On the locus of smooth plane curves with a fixed automorphism group

TL;DR

This paper investigates the irreducibility of the moduli space of smooth plane curves with fixed automorphism groups, showing that for certain groups and degrees, the space is not represented by a single normal form, indicating multiple components.

Contribution

It proves that for odd degrees greater than 4, the locus of plane curves with cyclic automorphism groups is not ES-Irreducible, revealing multiple irreducible components, extending previous results to new cases.

Findings

The locus is not ES-Irreducible for odd degrees ≥5.

Number of irreducible components is at least two.
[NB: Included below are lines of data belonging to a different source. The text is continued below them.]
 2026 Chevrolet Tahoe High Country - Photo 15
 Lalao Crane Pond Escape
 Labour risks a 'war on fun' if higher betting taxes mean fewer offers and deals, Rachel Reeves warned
Results hold over algebraically closed fields of characteristic p > (d-1)(d-2)+1.

Abstract

In this paper, we study some aspects of the irreducibility of $\widetilde{M_g^{Pl}(G)}$ and its interrelation with the existence of "normal forms", i.e. non-singular plane equations (depending on a set of parameters) such that a specialization of the parameters gives a certain non-singular plane model associated to the elements of $\widetilde{M_g^{Pl}(G)}$. In particular, we introduce the concept of being equation strongly irreducible (ES-Irreducible) for which the locus $\widetilde{M_g^{Pl}(G)}$ is represented by a single "normal form". Henn, and Komiya-Kuribayashi, observed that $\widetilde{M_3^{Pl}(G)}$ is ES-Irreducible. In this paper we prove that this phenomena does not occur for any odd $d>4$. More precisely, let $\mathbb{Z}/m\mathbb{Z}$ be the cyclic group of order $m$, we prove that $\widetilde{M_g^{Pl}(\mathbb{Z}/(d-1)\mathbb{Z})}$ is not ES-Irreducible for any odd integer $d\geq5$, and the number of its irreducible components is at least two. Furthermore, we conclude the previous result when $d=6$ for the locus $\widetilde{M_{10}^{Pl}(\mathbb{Z}/3\mathbb{Z})}$. Lastly, we prove the analogy of these statements when $K$ is any algebraically closed field of positive characteristic $p$ such that $p>(d-1)(d-2)+1$.